The Girl With The Dragon Tattoo
Mara and Fincher elevate a populist novel into a compelling drama of bleakness and corruption
David Fincher directs a version of Stieg Larsson’s Millenium trilogy – revenge thrillers don’t come with more high-powered credentials than that. While Steven Zaillian’s script sticks a little too closely to the labyrinthine plotting of the original novel, Fincher amps up the dark poetry of the visuals to create an ugly, modern fable that’s considerably more potent than the Swedish version.
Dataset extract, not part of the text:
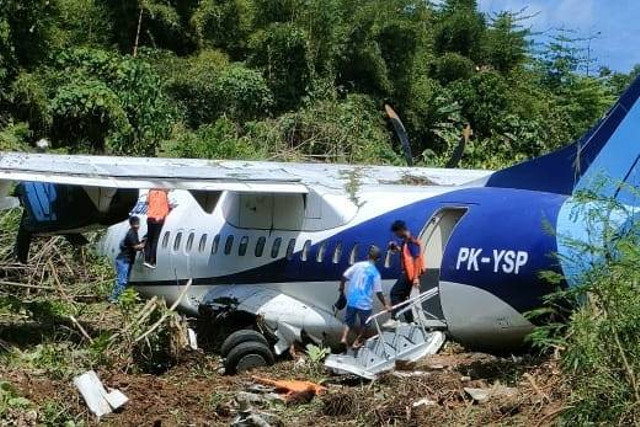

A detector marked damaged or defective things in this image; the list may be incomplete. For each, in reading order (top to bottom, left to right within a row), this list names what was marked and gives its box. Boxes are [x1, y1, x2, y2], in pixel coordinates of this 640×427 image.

The story is familiar enough by now; ageing patriarch Henrik Vanger (Christopher Plummer) hires investigative journalist Mikael Blomkvist (Daniel Craig) to look into the coldest possible case; the disappearance of Vanger’s grand-nice, forty years earlier. Blomkvist travels to the Vanger family residence on an isolated island while computer-hacker Lisabeth Salander (Rooney Mara), forms an uneasy alliance with Blomkvist to solve the mystery.
Breaking from the recent success of The Social Network, with The Girl with the Dragon Tattoo Fincher has returned to his favoured métier of the serial killer thriller, as explored in Seven and Zodiac. Larsson’s book gives Fincher plenty to feast on, allowing him to create an oppressive atmosphere of violence and latent menace
Despite raising his game from the somewhat taciturn performances in Dream House and Cowboys and Aliens, Daniel Craig takes second place to Rooney Mara, who’s bitter, striking performance is a long way from her girl-next-door in The Social Network. Exuding a barely suppressed rage in every scene, Mara and Fincher elevate a populist novel into a compelling, if overlong drama of bleakness and corruption.